== SUPPLIED RECORDS ==
((

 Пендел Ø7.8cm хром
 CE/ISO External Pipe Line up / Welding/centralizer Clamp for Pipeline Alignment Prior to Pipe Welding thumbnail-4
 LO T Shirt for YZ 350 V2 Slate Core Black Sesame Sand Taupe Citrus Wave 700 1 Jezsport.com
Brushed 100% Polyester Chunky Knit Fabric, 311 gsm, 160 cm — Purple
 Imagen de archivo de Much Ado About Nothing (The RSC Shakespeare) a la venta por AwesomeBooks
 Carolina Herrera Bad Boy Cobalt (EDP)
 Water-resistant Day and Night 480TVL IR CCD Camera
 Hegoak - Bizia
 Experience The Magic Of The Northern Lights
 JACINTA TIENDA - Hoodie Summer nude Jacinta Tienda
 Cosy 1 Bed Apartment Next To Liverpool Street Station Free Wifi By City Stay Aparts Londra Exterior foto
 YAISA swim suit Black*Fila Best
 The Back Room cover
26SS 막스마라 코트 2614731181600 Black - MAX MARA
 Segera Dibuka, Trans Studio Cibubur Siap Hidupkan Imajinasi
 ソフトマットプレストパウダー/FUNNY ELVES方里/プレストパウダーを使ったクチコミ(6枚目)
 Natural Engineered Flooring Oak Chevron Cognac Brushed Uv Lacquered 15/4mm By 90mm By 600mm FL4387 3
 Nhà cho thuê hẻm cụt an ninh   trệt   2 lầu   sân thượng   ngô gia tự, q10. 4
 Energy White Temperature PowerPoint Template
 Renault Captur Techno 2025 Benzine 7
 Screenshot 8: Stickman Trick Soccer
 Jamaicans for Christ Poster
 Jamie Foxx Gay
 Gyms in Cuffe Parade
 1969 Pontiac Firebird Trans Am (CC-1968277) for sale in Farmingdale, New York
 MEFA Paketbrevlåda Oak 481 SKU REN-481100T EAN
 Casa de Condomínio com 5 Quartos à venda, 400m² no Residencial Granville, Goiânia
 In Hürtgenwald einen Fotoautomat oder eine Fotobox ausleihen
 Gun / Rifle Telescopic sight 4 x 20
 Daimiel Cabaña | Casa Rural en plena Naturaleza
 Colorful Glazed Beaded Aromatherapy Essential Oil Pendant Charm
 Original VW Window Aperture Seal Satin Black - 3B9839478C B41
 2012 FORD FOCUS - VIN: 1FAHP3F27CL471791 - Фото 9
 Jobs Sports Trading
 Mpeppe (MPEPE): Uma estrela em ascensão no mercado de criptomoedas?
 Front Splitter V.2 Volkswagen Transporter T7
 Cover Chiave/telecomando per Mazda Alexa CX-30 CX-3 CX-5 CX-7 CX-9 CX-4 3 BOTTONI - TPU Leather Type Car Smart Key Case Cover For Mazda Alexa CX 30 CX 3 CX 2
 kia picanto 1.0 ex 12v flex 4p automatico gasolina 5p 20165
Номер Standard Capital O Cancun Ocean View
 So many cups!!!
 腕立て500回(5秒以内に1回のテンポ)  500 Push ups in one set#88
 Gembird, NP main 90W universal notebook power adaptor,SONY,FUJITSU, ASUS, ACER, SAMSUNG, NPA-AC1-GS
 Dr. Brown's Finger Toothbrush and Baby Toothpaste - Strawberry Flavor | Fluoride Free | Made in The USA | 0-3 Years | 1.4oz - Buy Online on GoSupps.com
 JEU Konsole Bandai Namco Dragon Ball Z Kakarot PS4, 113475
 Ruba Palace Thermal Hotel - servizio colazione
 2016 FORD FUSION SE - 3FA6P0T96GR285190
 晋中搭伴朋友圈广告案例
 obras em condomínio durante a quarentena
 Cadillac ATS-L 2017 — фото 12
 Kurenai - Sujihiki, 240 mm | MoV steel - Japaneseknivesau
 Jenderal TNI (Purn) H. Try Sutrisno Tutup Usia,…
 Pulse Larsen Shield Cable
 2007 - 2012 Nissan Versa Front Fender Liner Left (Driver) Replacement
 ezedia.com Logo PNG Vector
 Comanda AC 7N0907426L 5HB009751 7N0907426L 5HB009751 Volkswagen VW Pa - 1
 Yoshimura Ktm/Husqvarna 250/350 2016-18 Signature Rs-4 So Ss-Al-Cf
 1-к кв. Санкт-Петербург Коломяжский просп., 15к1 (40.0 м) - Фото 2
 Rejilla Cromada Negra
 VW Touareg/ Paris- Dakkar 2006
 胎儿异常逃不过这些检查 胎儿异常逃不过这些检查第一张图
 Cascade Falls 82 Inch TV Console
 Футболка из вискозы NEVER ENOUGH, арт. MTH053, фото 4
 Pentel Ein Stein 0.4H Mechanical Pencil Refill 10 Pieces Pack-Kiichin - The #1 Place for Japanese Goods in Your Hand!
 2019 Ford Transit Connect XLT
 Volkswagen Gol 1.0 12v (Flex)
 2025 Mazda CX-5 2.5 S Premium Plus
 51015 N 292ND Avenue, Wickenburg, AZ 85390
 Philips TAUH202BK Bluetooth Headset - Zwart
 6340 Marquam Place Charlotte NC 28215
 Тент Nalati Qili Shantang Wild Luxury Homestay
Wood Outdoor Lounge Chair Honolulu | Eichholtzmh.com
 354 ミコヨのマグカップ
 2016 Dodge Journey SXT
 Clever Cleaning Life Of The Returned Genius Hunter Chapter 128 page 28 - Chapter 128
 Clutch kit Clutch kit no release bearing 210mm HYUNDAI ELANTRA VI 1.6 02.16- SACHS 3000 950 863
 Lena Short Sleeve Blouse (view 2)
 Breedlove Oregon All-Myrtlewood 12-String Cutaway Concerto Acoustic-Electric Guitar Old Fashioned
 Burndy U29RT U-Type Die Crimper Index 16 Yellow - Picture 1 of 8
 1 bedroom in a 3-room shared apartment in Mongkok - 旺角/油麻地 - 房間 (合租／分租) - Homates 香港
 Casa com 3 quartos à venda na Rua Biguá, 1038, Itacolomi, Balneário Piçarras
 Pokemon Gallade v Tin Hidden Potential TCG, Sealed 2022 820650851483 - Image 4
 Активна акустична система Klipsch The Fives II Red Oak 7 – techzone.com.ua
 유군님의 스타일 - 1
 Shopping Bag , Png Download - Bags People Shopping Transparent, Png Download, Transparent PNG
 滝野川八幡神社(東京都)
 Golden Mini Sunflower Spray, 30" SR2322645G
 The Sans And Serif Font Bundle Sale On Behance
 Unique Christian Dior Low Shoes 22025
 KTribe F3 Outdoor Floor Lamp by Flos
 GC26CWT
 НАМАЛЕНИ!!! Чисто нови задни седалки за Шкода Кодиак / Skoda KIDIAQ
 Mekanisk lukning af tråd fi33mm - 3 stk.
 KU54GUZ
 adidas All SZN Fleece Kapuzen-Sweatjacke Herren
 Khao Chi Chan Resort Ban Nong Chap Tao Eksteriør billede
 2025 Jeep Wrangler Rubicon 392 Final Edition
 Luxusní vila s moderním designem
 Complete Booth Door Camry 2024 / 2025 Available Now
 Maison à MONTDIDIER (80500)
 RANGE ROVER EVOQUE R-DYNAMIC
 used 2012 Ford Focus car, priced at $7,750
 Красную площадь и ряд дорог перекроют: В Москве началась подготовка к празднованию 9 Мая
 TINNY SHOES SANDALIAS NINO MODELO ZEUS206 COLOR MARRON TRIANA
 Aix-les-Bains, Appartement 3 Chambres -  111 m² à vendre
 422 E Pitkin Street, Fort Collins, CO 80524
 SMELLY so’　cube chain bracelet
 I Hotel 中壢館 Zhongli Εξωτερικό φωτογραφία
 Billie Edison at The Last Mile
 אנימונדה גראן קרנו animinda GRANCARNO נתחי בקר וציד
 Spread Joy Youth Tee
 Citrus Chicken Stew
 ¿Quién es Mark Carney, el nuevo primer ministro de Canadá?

))

== TASK GOAL ==
Filter the listing above for the string "Street" and copy every matching line.

== ANSWER SECTION ==
 Cosy 1 Bed Apartment Next To Liverpool Street Station Free Wifi By City Stay Aparts Londra Exterior foto
 422 E Pitkin Street, Fort Collins, CO 80524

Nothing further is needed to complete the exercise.